I thought this was neat and I wanted to share.
http://news.discovery.com/human/early-human-ancestors-faces.html
I thought this was neat and I wanted to share.
http://news.discovery.com/human/early-human-ancestors-faces.html
Where’s Sean Hannity?
Human ancestry. Human.
Talk about the Uncanny Valley. (Those first few ape-people… ugh).
Whoever created these is a wonderful artist indeed. Lifelike? Hell, I thought maybe I knew some of them from years ago. The expressions are wonderful.
I am glad that someone is excited about this kind of thing like me 
I wonder to what extent the models are an actual representation of the species, though. It’s my understanding that the remains from these species are extremely fragmented and nothing even remotely close to complete. Did the artist make the models based on scientific descriptions of the features, or did the artist have an actual skull for a model?
I’m surprised it took so long for our noses to develop . . . and I like that little squinty thing going on with the lower eyelids. OTOH, I realize these aren’t bone-related, and are probably educated guesses.
Only guys? What a let-down.
And it completely destroys the meme of “gay by choice”. I mean, what do you do if there simply aren’t any women?
The last one is female.
Yes, but a dyke. 
The first one looks like my Boston Terrier.
Yeah, the noses are SWAGs. No telling when our distinctive Human nose developed. Same with body hair and facial hair. Could be that some of these guys had whacky mustaches and beard tufts, like some primates. Of course, to them, we’d be the ones with whacky facial hair.
I counted 3.
Are all of these our ancestors? Or were some in branches that went extinct? If anyone has a current “family tree”, I’d like to see it.
Neanderthal, for one, is not a direct ancestor. We had a common ancestor with neanderthal, according to recent theory.

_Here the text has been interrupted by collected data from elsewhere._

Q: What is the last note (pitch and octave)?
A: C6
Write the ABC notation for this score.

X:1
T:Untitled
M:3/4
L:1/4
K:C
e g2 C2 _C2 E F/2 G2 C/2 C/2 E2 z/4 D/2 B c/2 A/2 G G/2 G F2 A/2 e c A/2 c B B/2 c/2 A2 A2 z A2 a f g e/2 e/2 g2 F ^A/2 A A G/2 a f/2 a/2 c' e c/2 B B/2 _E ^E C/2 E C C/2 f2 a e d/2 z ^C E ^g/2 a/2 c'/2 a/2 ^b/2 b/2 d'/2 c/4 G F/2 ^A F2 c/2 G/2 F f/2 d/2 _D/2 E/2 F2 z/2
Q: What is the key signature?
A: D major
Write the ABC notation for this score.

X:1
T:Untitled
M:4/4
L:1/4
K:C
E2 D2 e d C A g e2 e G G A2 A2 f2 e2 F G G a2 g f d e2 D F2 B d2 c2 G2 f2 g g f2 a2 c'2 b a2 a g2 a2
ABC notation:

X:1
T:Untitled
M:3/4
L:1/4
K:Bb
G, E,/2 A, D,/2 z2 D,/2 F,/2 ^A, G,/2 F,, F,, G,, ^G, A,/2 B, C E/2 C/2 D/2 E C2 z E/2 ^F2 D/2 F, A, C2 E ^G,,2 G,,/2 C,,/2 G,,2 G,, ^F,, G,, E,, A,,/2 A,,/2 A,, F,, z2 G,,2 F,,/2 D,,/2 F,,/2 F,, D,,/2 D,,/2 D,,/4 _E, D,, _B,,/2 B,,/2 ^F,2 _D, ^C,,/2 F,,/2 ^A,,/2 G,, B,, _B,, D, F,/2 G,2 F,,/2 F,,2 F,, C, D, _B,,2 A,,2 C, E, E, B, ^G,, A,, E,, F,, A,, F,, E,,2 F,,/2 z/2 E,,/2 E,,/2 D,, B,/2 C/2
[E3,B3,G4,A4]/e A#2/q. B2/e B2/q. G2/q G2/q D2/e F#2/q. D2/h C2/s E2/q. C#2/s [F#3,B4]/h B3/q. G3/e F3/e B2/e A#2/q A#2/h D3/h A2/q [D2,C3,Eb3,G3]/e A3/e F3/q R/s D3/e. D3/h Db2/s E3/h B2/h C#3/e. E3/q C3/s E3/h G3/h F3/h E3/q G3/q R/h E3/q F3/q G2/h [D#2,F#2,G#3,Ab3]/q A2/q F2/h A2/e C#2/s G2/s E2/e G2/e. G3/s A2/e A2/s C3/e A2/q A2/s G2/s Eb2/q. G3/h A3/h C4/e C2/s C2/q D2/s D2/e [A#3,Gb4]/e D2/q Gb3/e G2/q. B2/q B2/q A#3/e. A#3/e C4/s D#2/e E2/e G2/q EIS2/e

The robust jawed forms almost certainly weren’t direct ancestors of modern humans.
Although the latest work suggests that H. sapiens and H. neanderthalensis interbred to some extent, and that 1-4% of the genome of modern, non-African humans has a Neanderthal origin.
IIRC, homo rudolfensis, homo ergaster, and homo heidelbergensis are all common ancestors of ours, in order of their appearance in the slide show.
I swear I’ve seen each of them in my classes at some point. Sweet guys, even heidelburgensis, who had a bit of a chip on his shoulder.